Abenteuer im Outback – Mit der richtigen Vorbereitung durch die australische Wildnis

Es ist eines der Traumziele vieler Weltenbummler und Abenteurer – das australischer Outback. Unter diesem Begriff versteht man die endlosen und von der Zivilisation kaum erschlossenen Weiten von Down Under, die sich durch alle Klimazonen und Landschaftsformen des Kontinents erstrecken. Am häufigsten assoziiert wird das Outback aber mit der roten Wüstenlandschaft rund um den berühmten Uluru. Der rote Inselberg ist eines der Wahrzeichen von Australien und gilt bei den Aborigines als heilige Stätte. Um ihn herum erstreckt sich auf fast einer Million Quadratmetern das Outback des Red Centers. Auf Reisende wartet hier Abenteuer pur. Wilde Fahrten im Geländewagen, ausgiebige Wanderungen, die faszinierende Kultur der Ureinwohner und Lagerfeuerromantik gehören zu jedem Aufenthalt im Outback.
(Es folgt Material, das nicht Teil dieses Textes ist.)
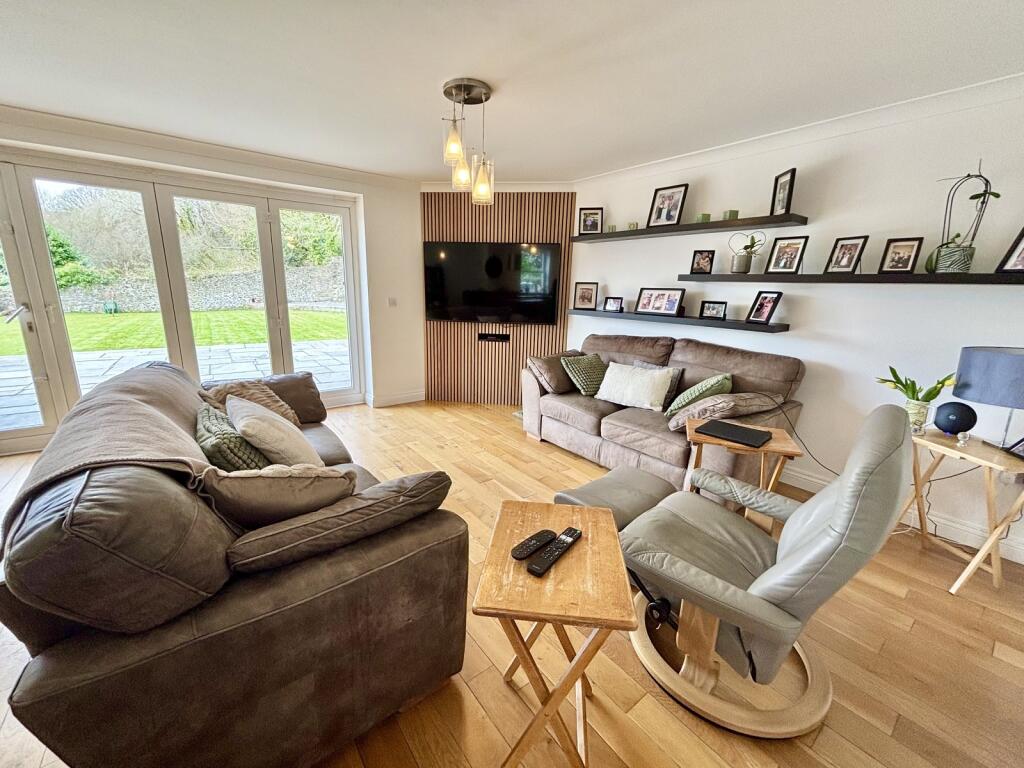 Kitchen/Open Plan Living Room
Die größten Verletzungsrisiken im Outback

Neben den atemberaubenden Eindrücken, die man auf einer Reise durch das australische Outback sammelt, birgt das kaum besiedelte Gebiet aber auch Risiken. Unterschätzte Hitze, Schlangenbisse und Wanderunfälle können in der Wildnis schnell zur Gefahr werden. Die Royal Flying Doctors, die für die medizinische Notversorgung im Outback zuständig sind, brauchen oft Stunden bis zum Unfallort. Anbieter von Mietwagen sind gesetzlich nicht verpflichtet ihre Autos mit Erste-Hilfe-Kästen auszustatten. Ein gut gefüllter Erste-Hilfe-Kasten ist neben ausreichend Wasser aber ein unbedingtes Muss bei jedem Ausflug ins Outback. Die Zusammenstellung der benötigten Medikamente und Verbandsmaterialien gehört zu jeder Reisevorbereitung für Australien. Das Auswärtige Amt empfiehlt allen Reisenden außerdem jedenfalls Impfungen gegen Tetanus und Diphtherie. Bei längeren Aufenthalten im Outback und Australien im Allgemeinen sollte vorab mit einem Tropenmediziner über weitere Impfungen und Risiken gesprochen werden.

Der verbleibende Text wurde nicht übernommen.